Group Purchasing for Certain 340B Hospitals ‘Must Be Vacated’

On March 31, 2026, the U.S. District Court for the District of Columbia vacated a 2013 Health Resources and Services Administration (HRSA) policy regarding a 2013 policy. Historically, disproportionate share hospitals (DSH) were barred from using a Group Purchasing Organization (GPO) to buy outpatient drugs if they also participated in the 340B program. HRSA’s 2013 policy extended this to include a hospital’s initial drug purchases even before those drugs were designated for a specific patient.

The Ruling: The court found this policy unlawful and “arbitrary and capricious.” It ruled that HRSA overstepped its authority by adding restrictions that Congress did not explicitly include in the law.

The Caveat: The court sent the issue back to HRSA. While HRSA could try to implement a similar rule again, it must now follow a much stricter administrative process (the Administrative Procedures Act) and prove it has the legal authority to do so instead of the ruling being completely struck down. According to legal analyses from Latham & Watkins and King & Spalding, this decision has several immediate and long-term implications for senior leadership:

Greater Purchasing Flexibility: Hospitals may now have more leeway to use GPOs for initial drug inventory. Previously, the “GPO Prohibition” forced hospitals into a “replenishment” model where they had to buy drugs at a higher price first and then “claim” 340B savings later.

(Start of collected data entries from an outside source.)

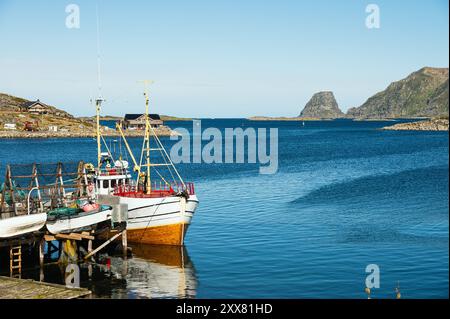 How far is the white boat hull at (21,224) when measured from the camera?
107 feet

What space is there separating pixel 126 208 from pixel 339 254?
14.9 meters

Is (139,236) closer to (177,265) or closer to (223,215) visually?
(177,265)

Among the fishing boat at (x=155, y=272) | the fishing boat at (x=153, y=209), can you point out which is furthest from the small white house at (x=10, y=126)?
the fishing boat at (x=155, y=272)

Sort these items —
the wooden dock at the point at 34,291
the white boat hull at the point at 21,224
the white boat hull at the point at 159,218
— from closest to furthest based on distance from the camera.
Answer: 1. the wooden dock at the point at 34,291
2. the white boat hull at the point at 21,224
3. the white boat hull at the point at 159,218

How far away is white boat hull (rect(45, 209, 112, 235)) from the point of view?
34.7 meters

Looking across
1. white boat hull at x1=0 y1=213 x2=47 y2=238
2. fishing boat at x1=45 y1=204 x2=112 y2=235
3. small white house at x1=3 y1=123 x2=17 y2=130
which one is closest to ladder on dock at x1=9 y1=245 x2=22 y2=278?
white boat hull at x1=0 y1=213 x2=47 y2=238

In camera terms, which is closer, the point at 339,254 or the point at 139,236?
the point at 339,254

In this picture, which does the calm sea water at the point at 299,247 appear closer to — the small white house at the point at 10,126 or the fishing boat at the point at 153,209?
the fishing boat at the point at 153,209

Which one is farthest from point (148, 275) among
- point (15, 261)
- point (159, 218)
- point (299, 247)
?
point (299, 247)

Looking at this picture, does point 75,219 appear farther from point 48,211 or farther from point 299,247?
point 299,247

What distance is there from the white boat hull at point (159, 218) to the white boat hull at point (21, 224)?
25.0ft

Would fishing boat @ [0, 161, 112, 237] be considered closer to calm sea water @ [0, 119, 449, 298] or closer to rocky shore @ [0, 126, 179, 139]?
calm sea water @ [0, 119, 449, 298] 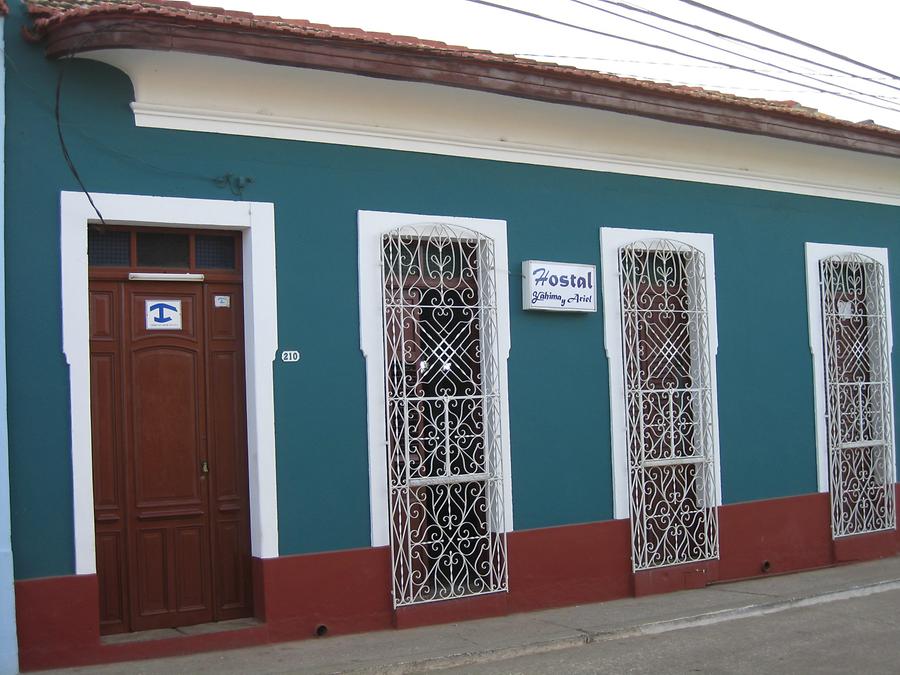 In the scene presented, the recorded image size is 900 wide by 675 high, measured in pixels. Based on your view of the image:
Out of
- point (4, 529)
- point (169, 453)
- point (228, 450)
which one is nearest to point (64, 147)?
point (169, 453)

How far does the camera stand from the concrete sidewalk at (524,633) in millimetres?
6367

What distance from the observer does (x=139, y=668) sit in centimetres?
623

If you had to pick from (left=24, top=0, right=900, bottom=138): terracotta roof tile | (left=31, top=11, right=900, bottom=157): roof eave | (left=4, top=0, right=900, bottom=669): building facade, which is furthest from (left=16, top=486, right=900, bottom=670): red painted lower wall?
(left=24, top=0, right=900, bottom=138): terracotta roof tile

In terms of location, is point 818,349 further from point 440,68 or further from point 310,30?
point 310,30

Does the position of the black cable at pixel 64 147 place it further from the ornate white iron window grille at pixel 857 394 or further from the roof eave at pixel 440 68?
the ornate white iron window grille at pixel 857 394

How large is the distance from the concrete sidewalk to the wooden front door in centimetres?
51

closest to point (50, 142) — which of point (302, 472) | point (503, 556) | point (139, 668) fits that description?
point (302, 472)

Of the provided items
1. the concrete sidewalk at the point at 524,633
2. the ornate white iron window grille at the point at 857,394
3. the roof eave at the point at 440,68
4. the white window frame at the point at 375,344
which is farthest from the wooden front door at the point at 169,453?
the ornate white iron window grille at the point at 857,394

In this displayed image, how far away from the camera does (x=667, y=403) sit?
29.3 feet

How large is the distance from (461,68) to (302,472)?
2989 millimetres

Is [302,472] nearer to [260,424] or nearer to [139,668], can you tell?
[260,424]

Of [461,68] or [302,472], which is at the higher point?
[461,68]

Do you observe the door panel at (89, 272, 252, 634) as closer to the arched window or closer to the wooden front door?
the wooden front door

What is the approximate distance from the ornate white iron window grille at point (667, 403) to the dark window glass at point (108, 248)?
3966 mm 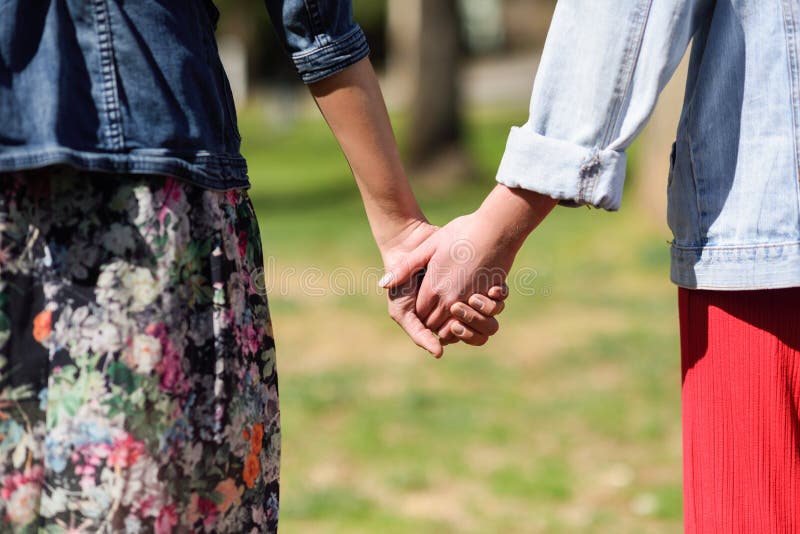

This ruling could simplify the “split-billing” software logic that hospitals use to track every pill, potentially reducing administrative overhead.

Financial Relief for “Child Sites:” This ruling is being viewed in tandem with a March 3, 2026, decision (Albany Med Health System v. HRSA) where the court also struck down registration requirements for off-campus “child sites.” Hospitals can now access 340B pricing for new outpatient clinics almost immediately, rather than waiting up to 23 months for the site to appear on a Medicare cost report and HRSA’s database. For health systems expanding their outpatient footprints, this removes a significant financial “lag” in realizing drug discounts.

This ruling could also mark a shift where HRSA’s “guidance” is no longer treated as law. For a CEO, this means legal and pharmacy compliance teams have more ground to challenge HRSA audits that rely on “substantive conditions” not found in the original 1992 statute. Complying with the 2013 HRSA policy cost individual hospitals between $500,000 and $1.6 million annually with 90% of DSH hospitals reported that this policy artificially inflated their spending in non-340B accounts.

This ruling is a supply chain efficiency win. It removes a decade-old administrative hurdle that forced hospitals to buy drugs at higher prices upfront. In an era of thin margins and high drug costs, this restores a level of purchasing power to GPOs like Premier and the health systems they serve.